I have also had some other complicating issues. Unfortunately, with the kind of cancer that I have, it affects a part of your body that is not commonly discussed in polite conversation. However, if you’ve read Seth’s blog already, you know that I do have a fissure. I won’t go in to what it is (you are on the internet and can look it up ), but suffice it to say, it is extremely painful. I was able to get a special compound (to the tune of $80) that has made some improvements. It also is less painful if I just lie around. So, for now, I find that I can make it through the day and feel better if I stay in bed.
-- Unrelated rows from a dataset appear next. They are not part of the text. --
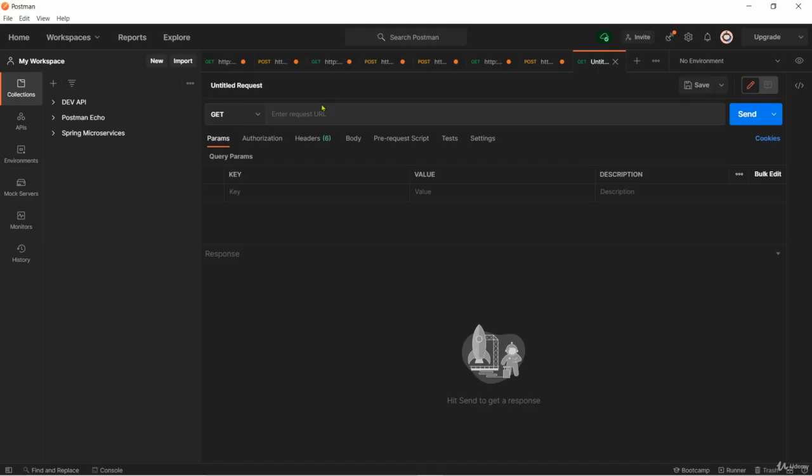In order to really show you how it's going to work let me go to a Postman application. Here I will select the HTTP method as GET because our welcome API supports GET.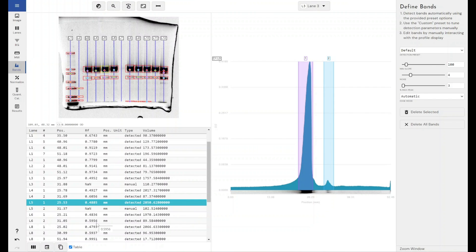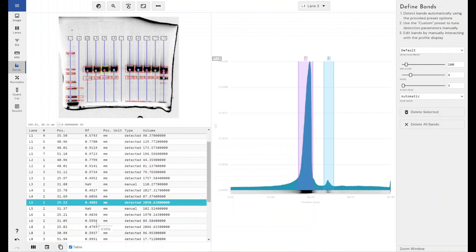Now there are some SOPs out there that use this value, and some protocols that use this value. Molecular weight, including a molecular weight ladder within your experiment, is always going to give you more accurate sizing. But if your particular workflow doesn't cover that, or if you're particularly interested in using the RF value within your experiments, this is how you would access that.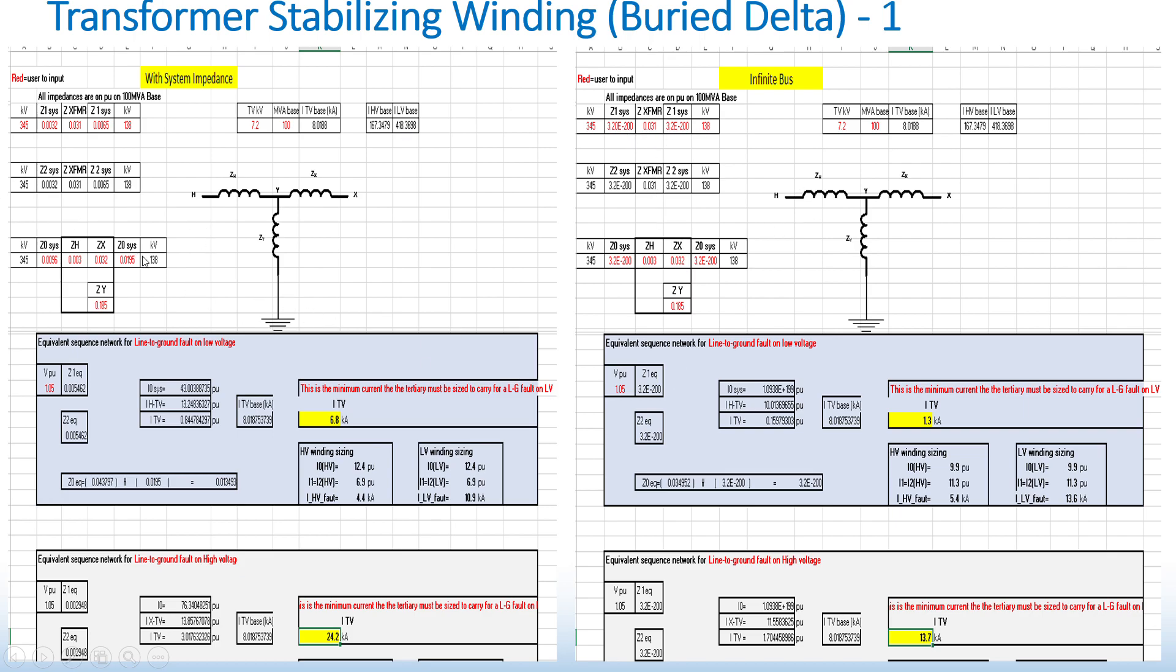So to the left, using system impedances, you can see the highest current that the stabilizer winding would see is if there is a line to ground fault on the high voltage 345kV, which is 24.2kA.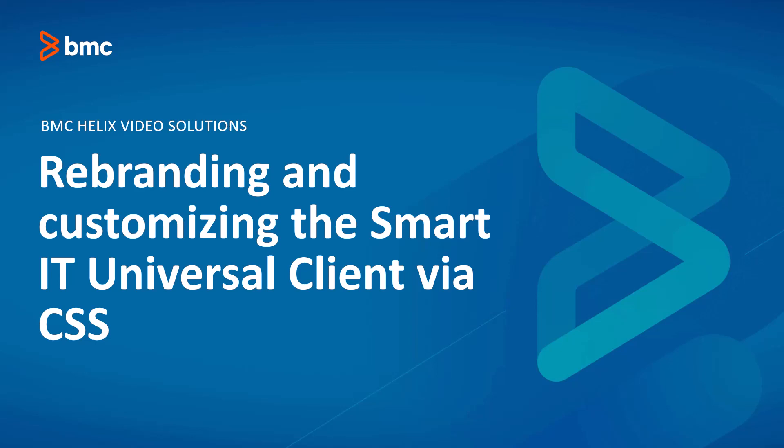In this video, we will show how a custom file named style-smart-it.css can be used to rebrand and customize the UI for Smart IT on the Universal Client.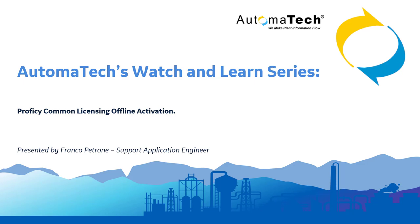Hi and welcome to Automatech's Watch and Learn series. Today we'll be talking about Prophecy Common licensing and how to perform an offline activation. I am your host Franco Batrum.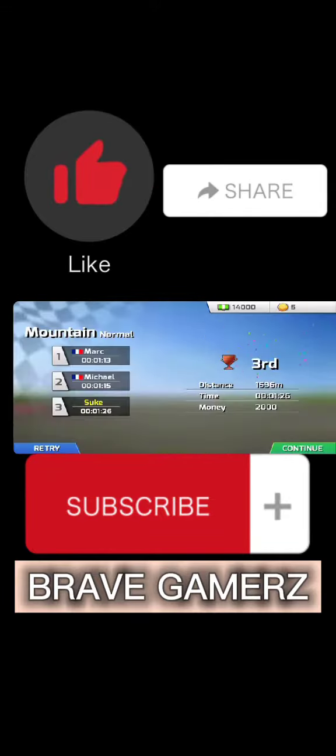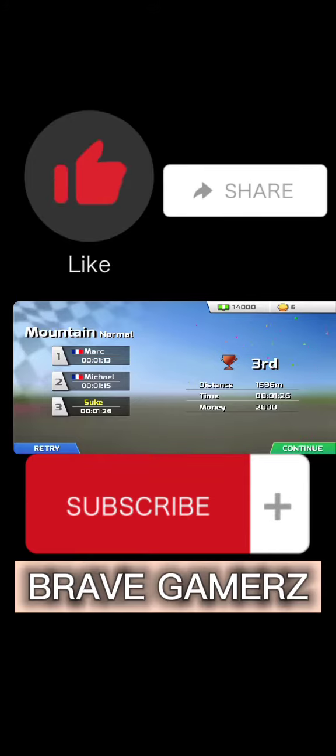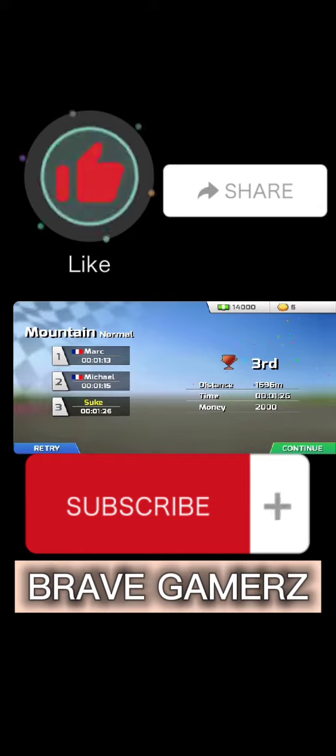Okay, if you like the video, like and subscribe to our channel. Okay, goodbye.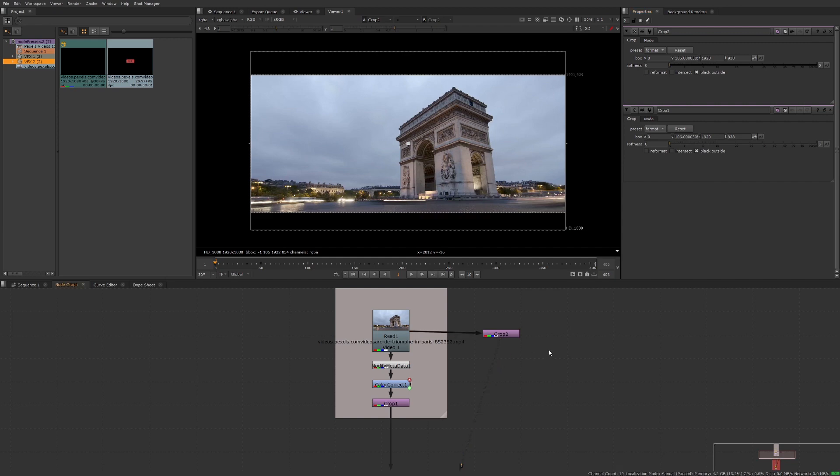So hopefully you have a new insight to presets if you didn't already know about them and maybe you'll use them in your future workflows. Thanks for watching.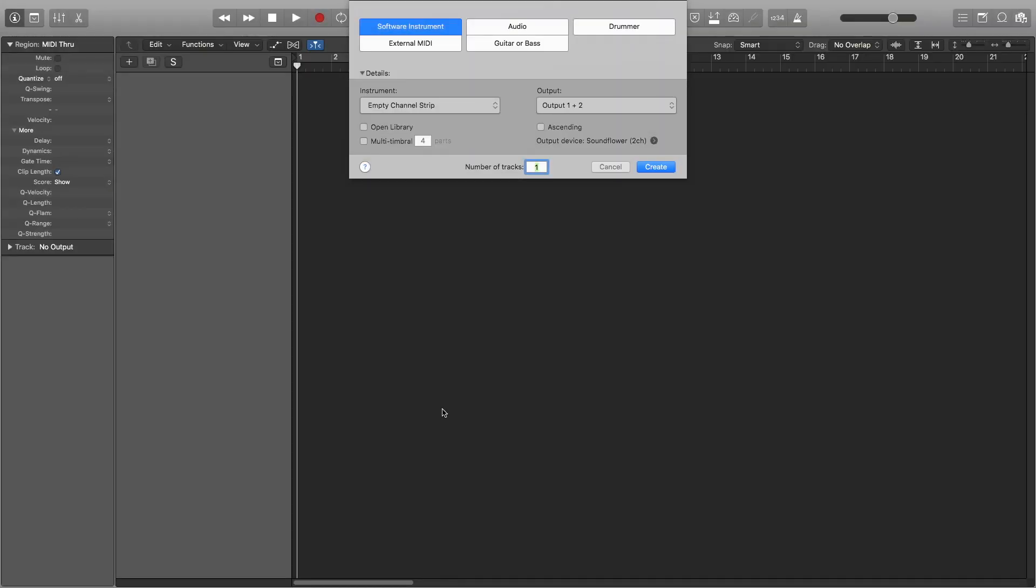Hello and welcome back people of Earth to another tutorial. This time we're going to be taking a look at how to do a sine wave bass drop in Logic Pro X. Now I'm hopefully going to show you three ways to do this.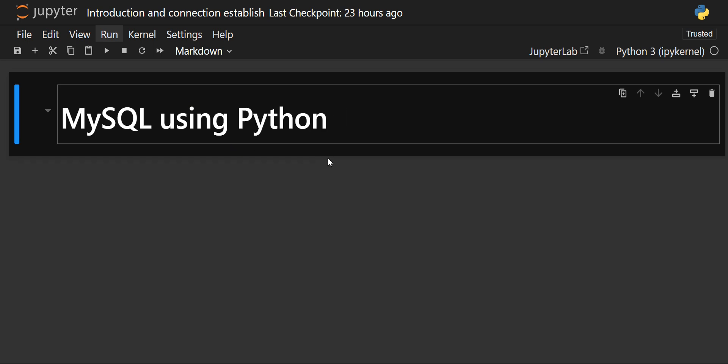Hello everyone, welcome to our new video series on MySQL using Python. In this video series, we will explore how to seamlessly integrate MySQL with Python and perform some operations.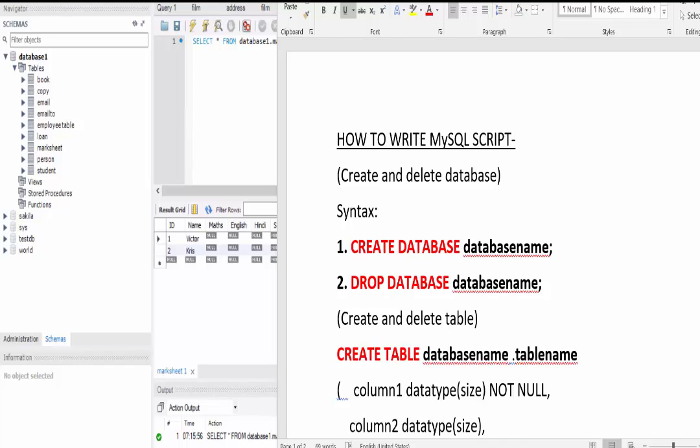Hi guys, welcome to my channel Tech Geeky RT. In the previous video we discussed code-free ways to create databases and tables. In this video we are going to discuss MySQL code to create a database and table.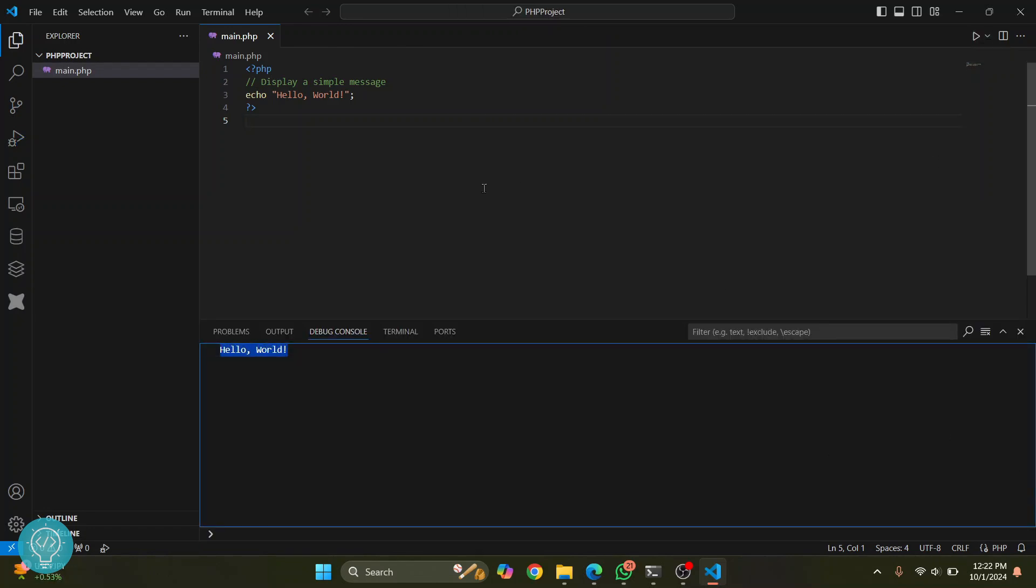So this is how you can fix the PHP not found error. If you have any questions, let me know in the comments below.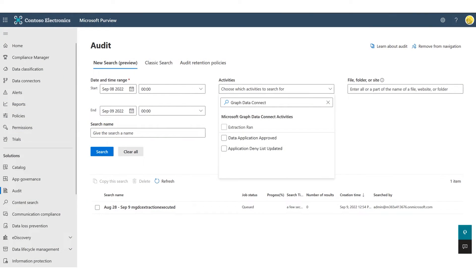Streamlining access for ISVs doesn't mean you have to sacrifice governance or security. In fact, we're announcing end-to-end audit logging in Microsoft Compliance Center so that IT admins can better enforce data usage guidelines and mitigate the risk of data leakage.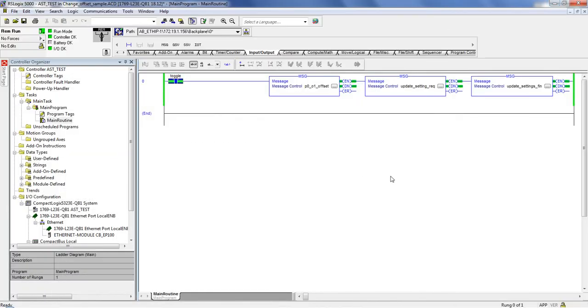All right? So that's really all there is to PLC communication, getting everything talking, getting all the tags in there. All right? Thank you.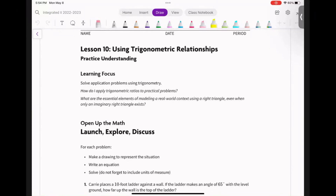Welcome back. We are doing Lesson 6.10, called Using Trig Relationships and Practicing. Whenever it says practice, it means you've gotten enough understanding that now you can apply your understanding to different problems. Specifically here, we're going to be solving application problems using trig.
But, this round is almost over. I’m on the home stretch. I’m trying to stay positive, but it’s getting a little harder. I do find that I pray simple prayers like, “God please make this stop” or “Lord, please help me.” I’ve learned that’s ok. God is not interested in a long, theological dissertation. He doesn’t need it. He knows the whole while we can only see in part. He is still interested though in the condition of my heart.
I just finished reading a book called The Heavenly Man. It is an amazing account of God working through a Chinese man to establish house churches all over China. He endured MUCH persecution and physical torture. He actually suffered for the gospel. I, on the other hand, am just experiencing physical pain. I am NOT suffering while I lie in my comfy bed typing on my laptop and taking medications that are readily available to me. I fear we do not know what suffering is in America. We have too much and it is still never enough. I do not envy the torture this man experienced, but I do find myself envying the way God revealed himself to this man. For a long time this man did not even have a Bible and he prayed for years that God would give him one. God answered miraculously. When he received it, he immediately began memorizing huge portions of Scripture. We probably have at least 10 Bibles in this house and I am ashamed to say that I have very little Scripture memorized. I’m not on a guilt trip. I’m sad. I’m sad that I am so complacent and my life seems too full to read and memorize Scripture. Maybe I will still keep my prayers short and simple, but just add “Lord, please help me to desire only You.” It’s almost frightening to think what might happen when God answers that prayer. It might mean I will have to suffer.